Problem:
From the records below, please print only the lines from the one containing "Fiat Doblo C" through the one containing "Сдатся комната в", both included. Skip the pictures.

Data for review:
******************************

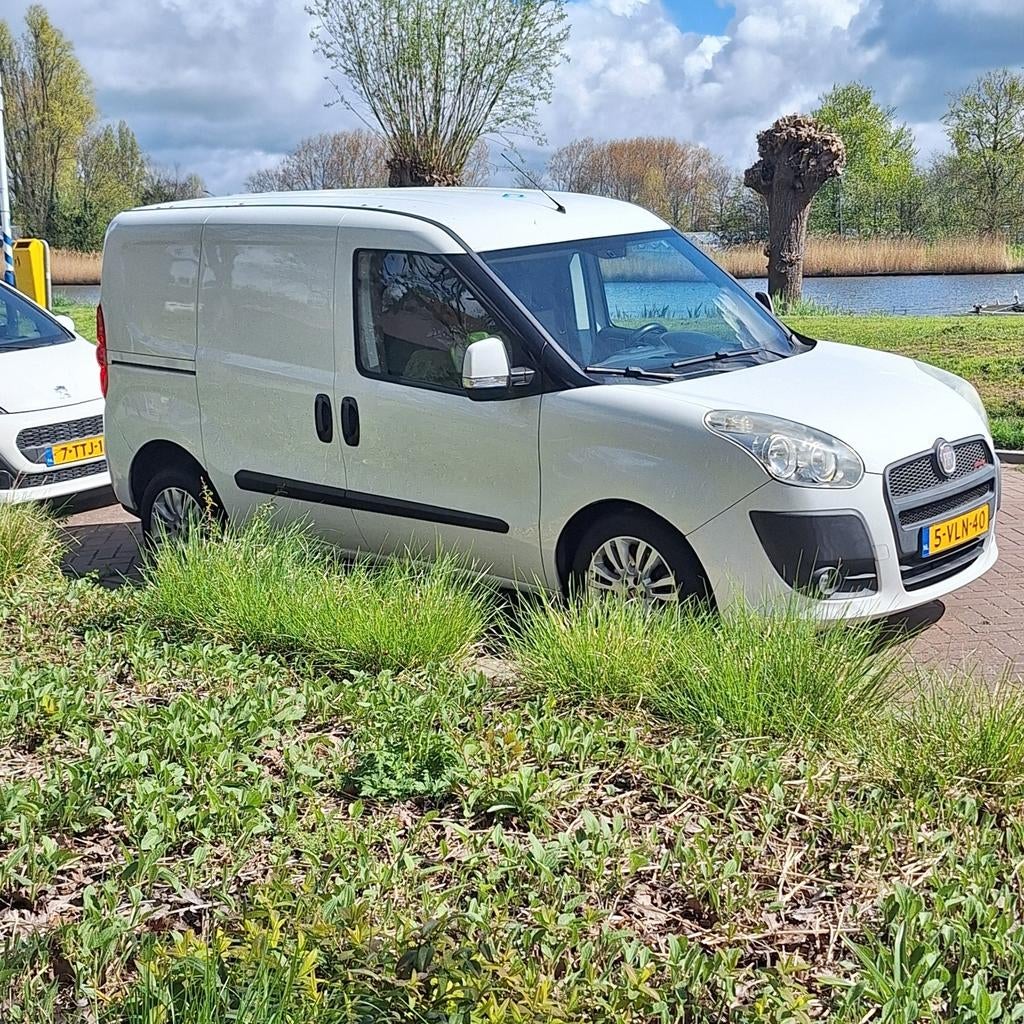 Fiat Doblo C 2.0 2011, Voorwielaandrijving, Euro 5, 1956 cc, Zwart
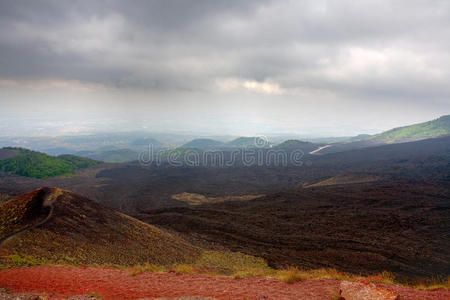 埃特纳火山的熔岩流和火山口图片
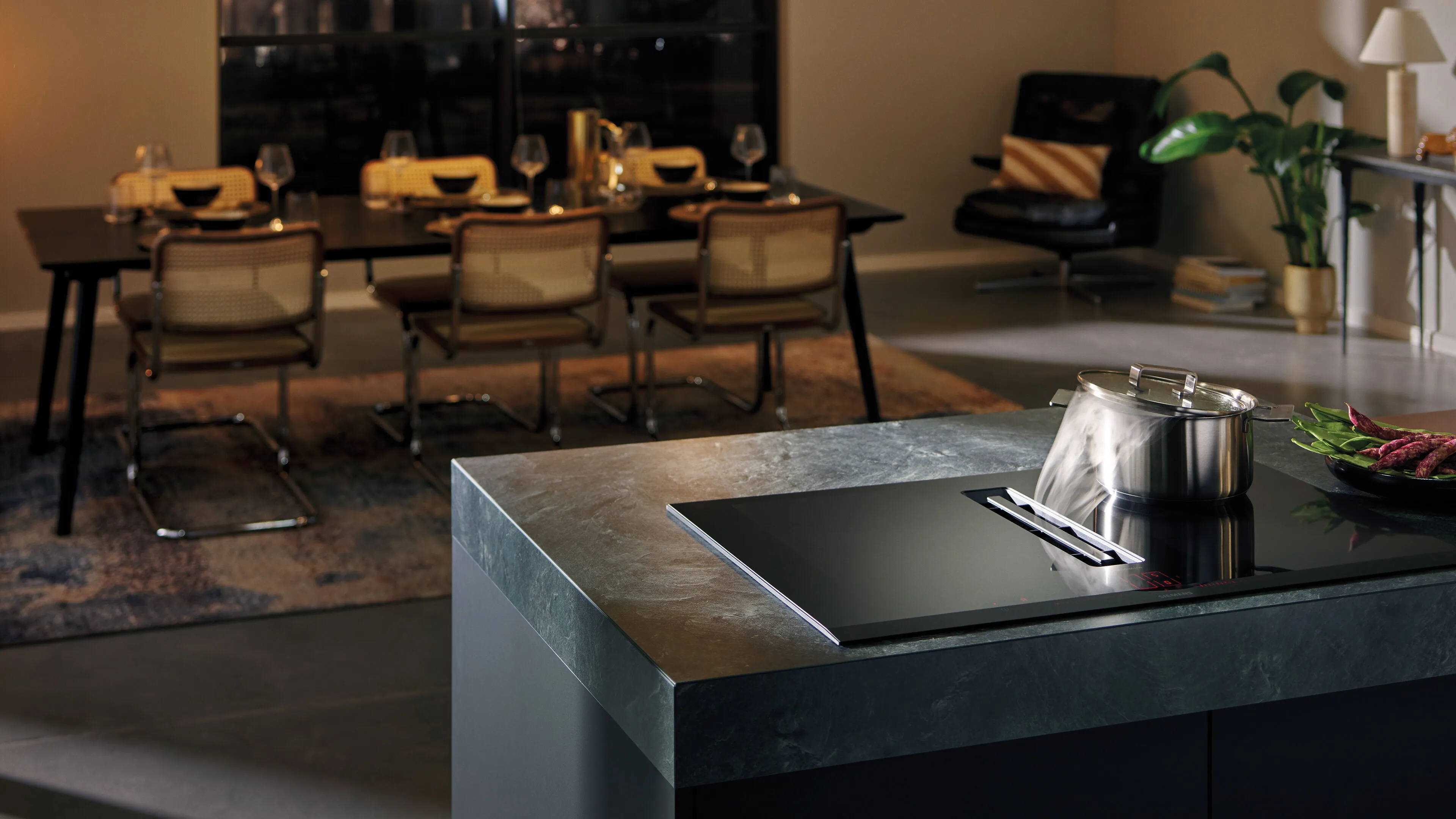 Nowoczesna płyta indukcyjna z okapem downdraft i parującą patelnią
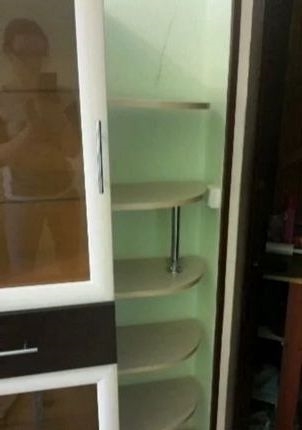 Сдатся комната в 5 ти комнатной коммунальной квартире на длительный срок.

******************************

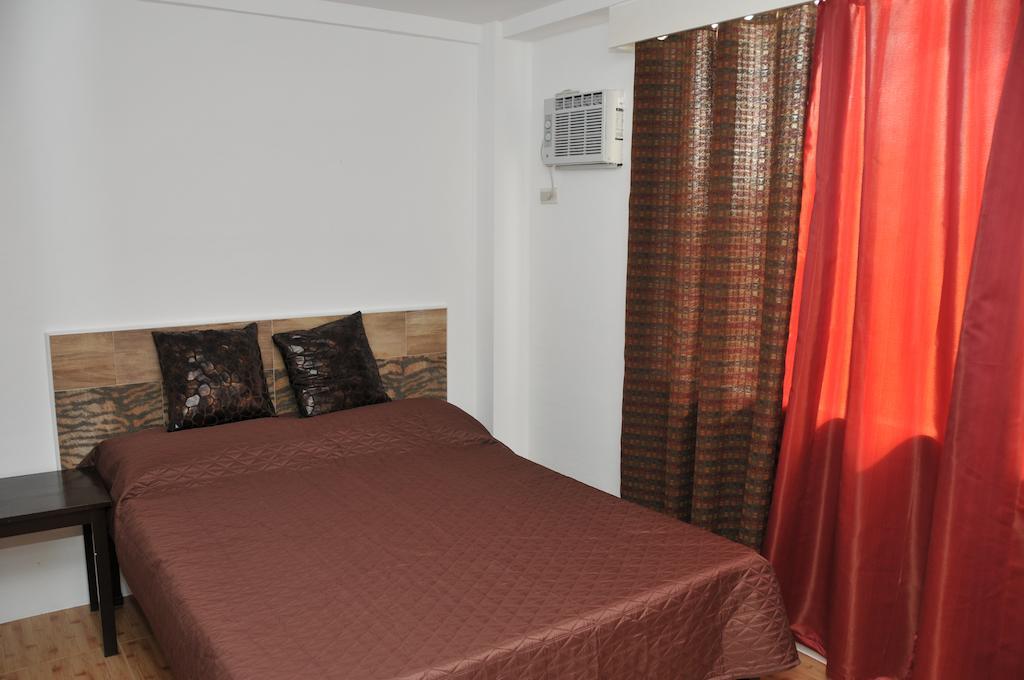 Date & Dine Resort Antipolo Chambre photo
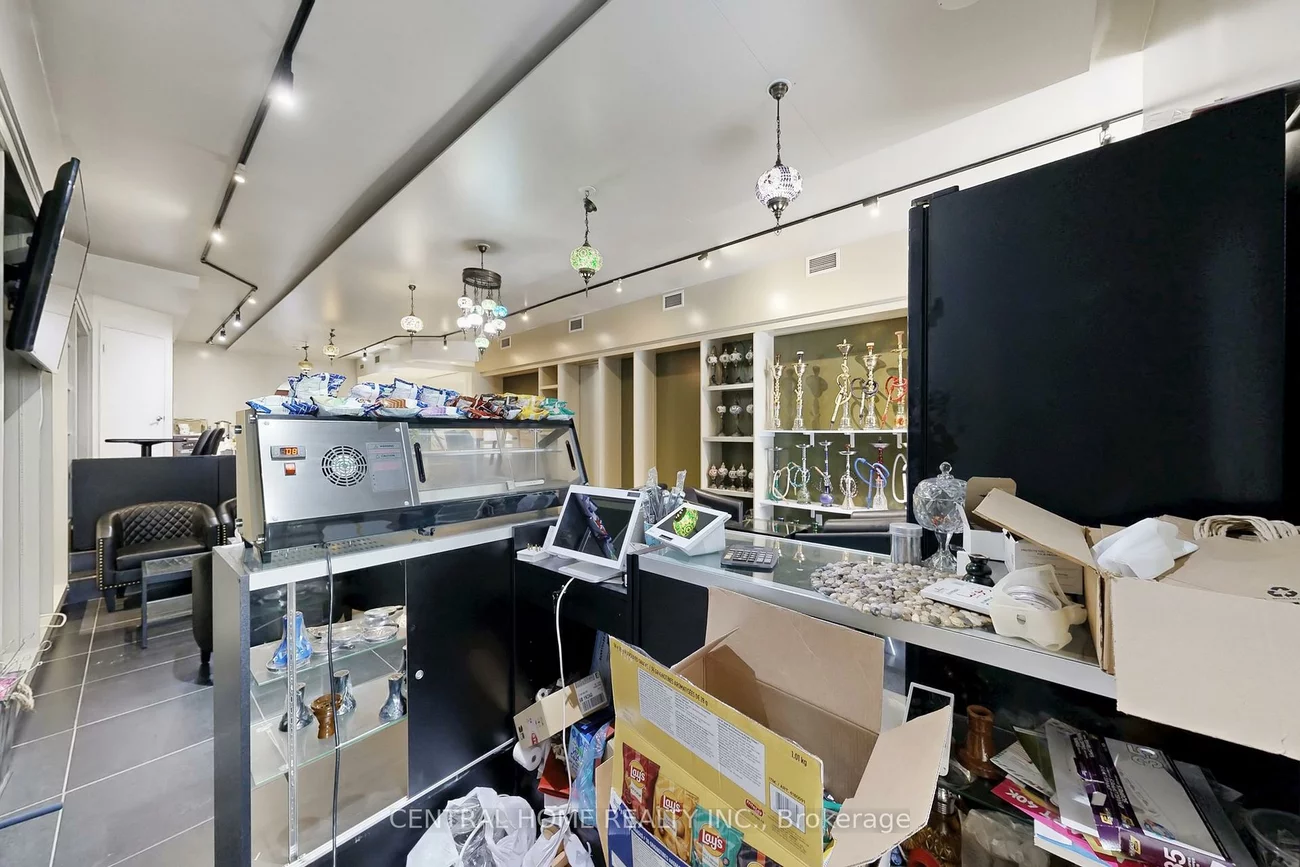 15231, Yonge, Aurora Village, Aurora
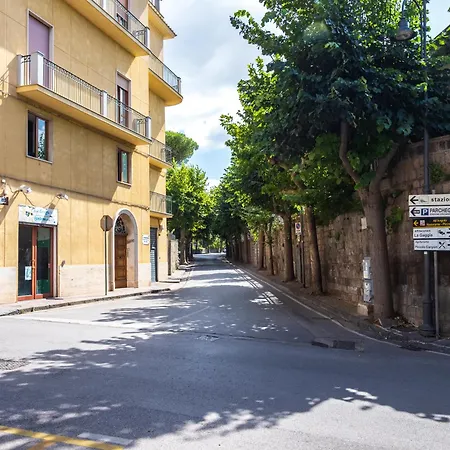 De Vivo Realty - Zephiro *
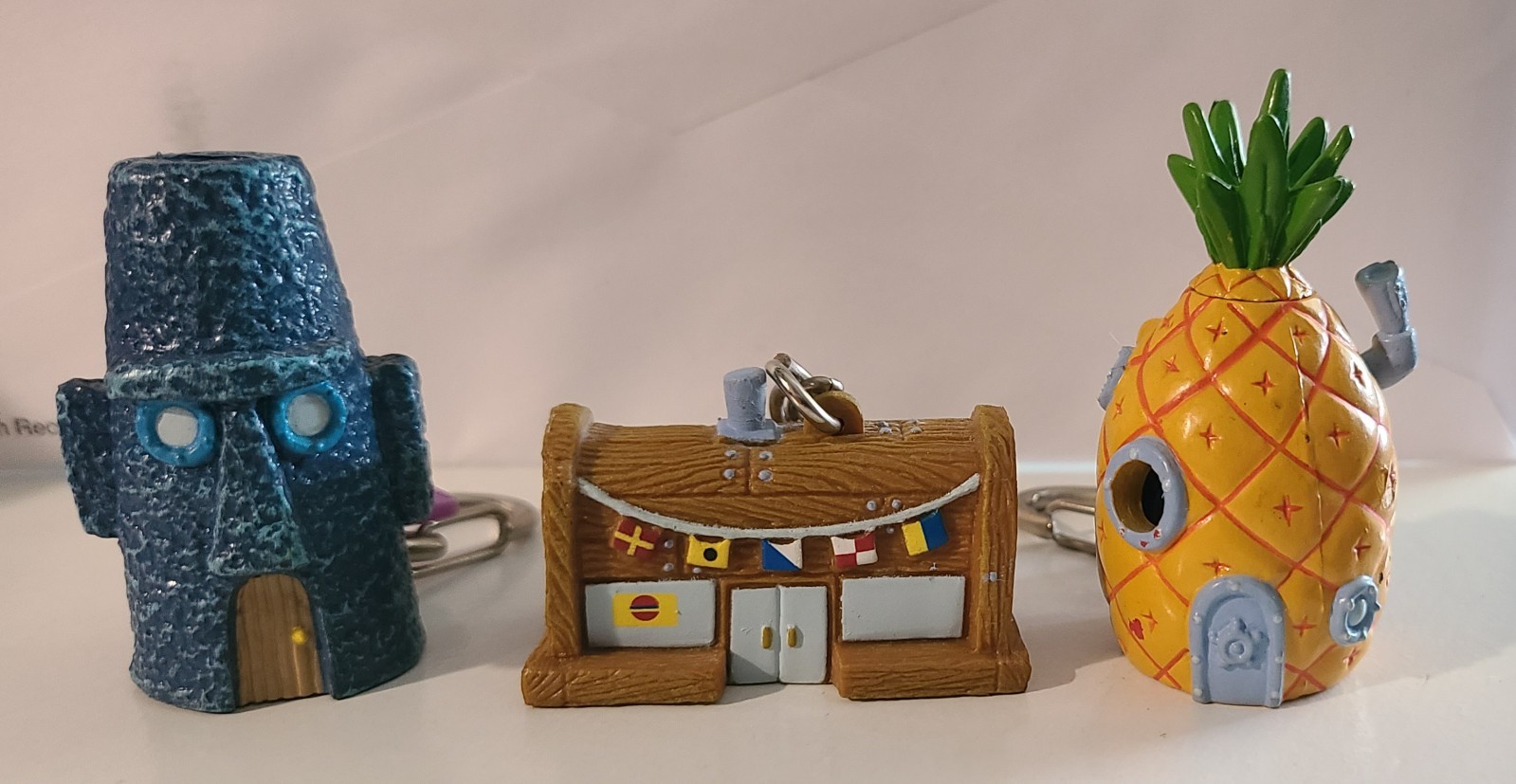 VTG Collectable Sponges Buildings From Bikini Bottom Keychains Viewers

******************************

Problem solution:
 Fiat Doblo C 2.0 2011, Voorwielaandrijving, Euro 5, 1956 cc, Zwart
 埃特纳火山的熔岩流和火山口图片
 Nowoczesna płyta indukcyjna z okapem downdraft i parującą patelnią
 Сдатся комната в 5 ти комнатной коммунальной квартире на длительный срок.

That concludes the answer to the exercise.